You wonder too, right? About the person you'd be if you weren't dining weekly with your siblings or forever running into your ex-husband at the grocery store. Maybe if you ditched the neighborhood, the car, the meatless Mondays and the DVR, your inner self would be revealed as something tough and light, like copper wire—able, aware and alive.

The question haunts us all in the rare moments we cobble together to ponder it, which is probably why books about women venturing forth in search of themselves are so exhilarating. In Laurie Colwin's Happy All the Time, Holly Sturgis leaves town purposefully and calmly. She's not fleeing her husband so much as simply claiming space for herself, distance from which to gain perspective—and adding a dash of daring to the familiar. (Gloriously, her husband's resulting fear and nerves do nothing to dissuade her.)

Recent writers may have modernized the journey, but the trope predates them. E.M. Forster's characters took the trip more than once: Adela Quested in A Passage to India joins an older widow on a fateful trip to the fictional Chandrapore and discovers that an adventure in a new country should probably take into account the people who already live there. Forster's novel A Room with a View also follows a young woman embarking on a more independent path; Lucy Honeychurch and her cousin travel to Florence and Rome, experience a failed engagement and an elopement, even encounter murder. Europe has long hosted fictional American ingenues seeking the best versions of themselves, from Isabel Archer and her doomed but determined choice of a husband in Henry James's The Portrait of a Lady to Isabel Walker, who got quite a Parisian education in older men and lingerie in Diane Johnson's Le Divorce. (Conversely, Hemingway's Lady Brett Ashley careened through Europe in The Sun Also Rises in order to avoid learning anything about herself. I can't recommend her methods, but her taste in matadors is unassailable.)

Okay, so it's not always triumphant, this search for oneself. And sometimes, as in Alice Munro's story "The Children Stay," the flight is barely comprehensible.
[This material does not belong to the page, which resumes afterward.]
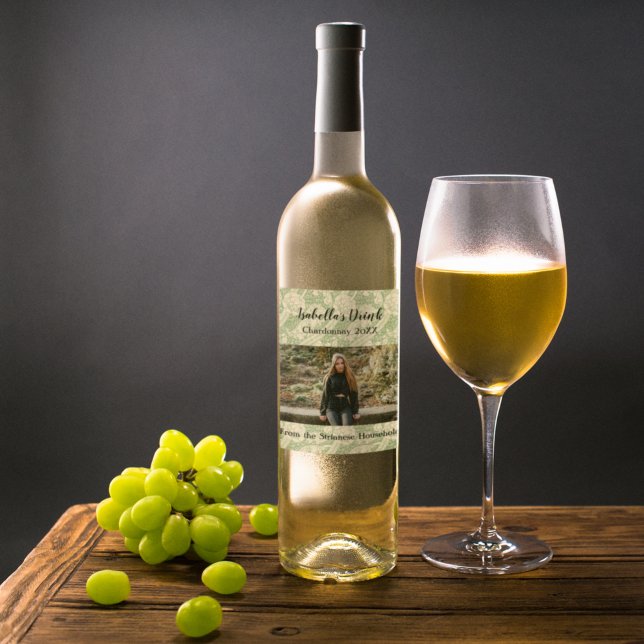 Rótulo De Garrafa De Cerveja Rótulo de Vinho do País de Foto Verde Personalizad (Criador carregado)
Pauline ditches her family during their vacation on Vancouver Island for a callow younger man in a nearby motel. Her lurch away from life as a mother and wife is so impulsive and carnal, it feels almost creaturely; but even when she does take a moment to think it through, she forces herself not to return home. Pauline has revealed something of her deepest self that most of us can relate to: That innermost chamber isn't always filled with light.

This is just one example of the surprises to be found in these pages. What the questers tend to have in common is that they seek one thing but often find each another. The young ones, especially, tend to smooth out and grow up in their new environs, their inner posture straightening as they learn their way around sex, love, hunger, defiance, anger and loss. You feel them gathering weight as time passes, growing formidable. That's what happens to all of us, even on less extreme journeys. New terrain demands the flexing of new muscles; solitude leaves you with no one to decide for you, and no one to please, cater to or argue with. When you're the one person you answer to, these books remind us, it's only a matter of time before that authority starts to feel just right.